The name is the clue: somewhere in the tree cover on that high ground stands an architectural column, not a prehistoric standing stone as the terminology might first suggest, but a formal classical pillar placed deliberately within a designed landscape. These kinds of ornamental features were a familiar element of landed estates in Ireland and Britain during the eighteenth and nineteenth centuries, where the grounds of a great house were arranged to create composed views, focal points, and visual incidents across the property. What makes this one unusual is that it left a written trace, vivid enough to survive into the present.
The demesne belonged to the de Vere family of Curraghchase House, and it is Aubrey de Vere who provides the detail that brings the column to life. Writing in his recollections, published in 1894, de Vere described an episode from 1829, the year the Catholic Emancipation Act was passed through the British Parliament, granting Catholics in Ireland and Britain the right to sit in Parliament and hold public office. To mark the occasion, the young de Vere climbed to the top of the high pillar on the summit of the hill facing his house and stood there for several minutes in the gathering darkness, waving a lighted torch above his head. He recalled it with a mixture of triumph and bewilderment: 'how the seat was achieved I cannot conceive'. The column, then, was climbable, at least once, and high enough that a torch swung from its top would have been visible from the house below, 337 metres away to the north-west, across the lake.

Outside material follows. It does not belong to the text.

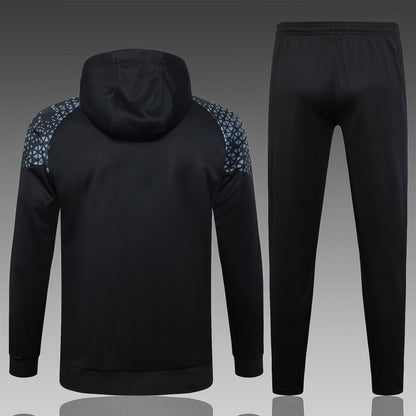 marseille 23 24 black Football Tracksuit hoodie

Curraghchase is now a public forest park managed by Coillte, and the grounds are accessible to walkers. The pillar itself sits on elevated ground within the woodland and is not visible on aerial imagery, the tree canopy having long since closed around it. Those who go looking should expect the search to be part of the experience; the column does not announce itself. The 1840 Ordnance Survey six-inch map and the 1897 twenty-five inch map both record its presence and offer the clearest guide to its approximate location on the hill above the lake. What you are looking for, if you find it, is an estate ornament that once served as a one-man platform for a moment of political celebration, balanced in darkness with a torch.